Let C be a q-ary code of length n, i.e. a subset of \( \mathbb{F}_q^n \). Let d be the minimum distance of C, i.e.

\( d = \min_{x,y \in C, x \neq y} d(x,y) , \)

where d(x,y) is the Hamming distance between x and y.

Let\( C_q(n,d) \) be the set of all q-ary codes with length n and minimum distance d and let \(C_q(n,d,w) \) denote the set of codes in \(C_q(n,d) \) such that every element has exactly w nonzero entries.

Denote by |C| the number of elements in C. Then, we define A_q(n,d) to be the largest size of a code with length n and minimum distance d:

\( A_q(n,d) = \max_{C \in C_q(n,d)} |C|. \)

Similarly, we define \(A_q(n,d,w) to be the largest size of a code in \( C_q(n,d,w): \)

\( A_q(n,d,w) = \max_{C \in C_q(n,d,w)} |C|. \)

Theorem 1 (Johnson bound for \(A_q(n,d)): \)

If d=2t+1,

\( A_q(n,d) \leq \frac{q^n}{\sum_{i=0}^t {n \choose i} (q-1)^i + \frac{{n \choose t+1} (q-1)^{t+1} - {d \choose t} A_q(n,d,d)}{A_q(n,d,t+1)} }. \)

If d=2t,

\( A_q(n,d) \leq \frac{q^n}{\sum_{i=0}^t {n \choose i} (q-1)^i + \frac{{n \choose t+1} (q-1)^{t+1} }{A_q(n,d,t+1)} }. \)

Theorem 2 (Johnson bound for \( A_q(n,d,w)): \)

(i) If d > 2w,

\( A_q(n,d,w) = 1. \)

(ii) If \(d \leq 2w \), then define the variable e as follows. If d is even, then define e through the relation d=2e; if d is odd, define e through the relation d = 2e - 1. Let \( q^* = q - 1 \). Then,

\( A_q(n,d,w) \leq \lfloor \frac{n q^*}{w} \lfloor \frac{(n-1)q^*}{w-1} \lfloor \cdots \lfloor \frac{(n-w+e)q^*}{e} \rfloor \cdots \rfloor \rfloor \)

where \(\lfloor ~~ \rfloor \) is the floor function.
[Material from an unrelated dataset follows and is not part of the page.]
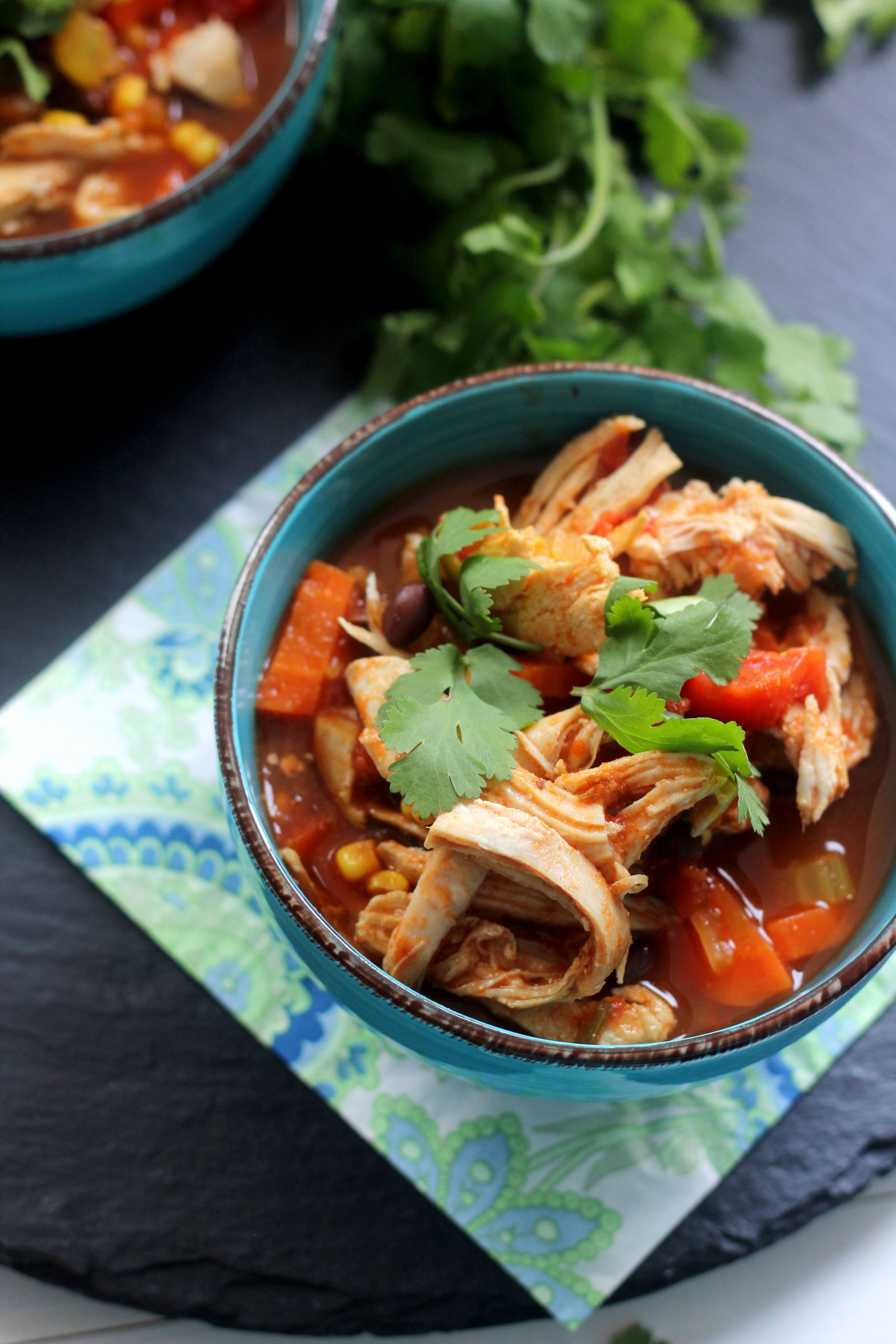 Vegetable Chicken Soup
 Southwest Chicken Ve able Soup Gather for Bread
Remark: Plugging the bound of Theorem 2 into the bound of Theorem 1 produces a numerical upper bound on \( A_q(n,d). \)
See also

Singleton bound
Hamming bound
Plotkin bound
Elias Bassalygo bound
Gilbert–Varshamov bound
Griesmer bound

References

S. M. Johnson, "A new upper bound for error-correcting codes," IRE Transactions on Information Theory, pp. 203–207, April 1962.
W. Cary Huffman, Vera Pless, Fundamentals of Error-Correcting Codes, Cambridge University Press, 2003.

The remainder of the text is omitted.